• Dataset section:
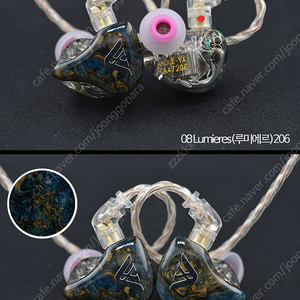 아놀vx 스페셜에디션 판매합니다 qdc Anole VX Special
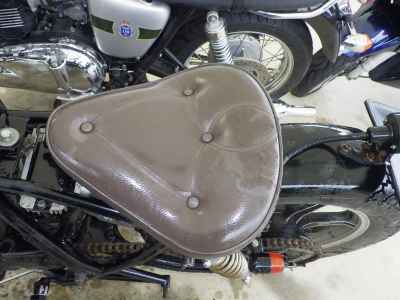 Yamaha SR400 1983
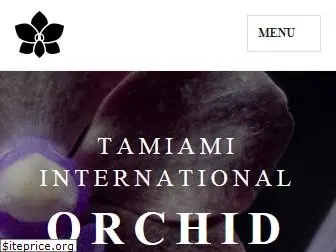 orchidfestival.com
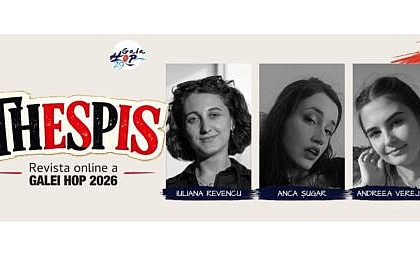 Cine contribuie la Thespis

• Your objective:
Omit the pictures, then output the rest of the listing exactly.

• Response to this task:
 아놀vx 스페셜에디션 판매합니다 qdc Anole VX Special
 Yamaha SR400 1983
 orchidfestival.com
 Cine contribuie la Thespis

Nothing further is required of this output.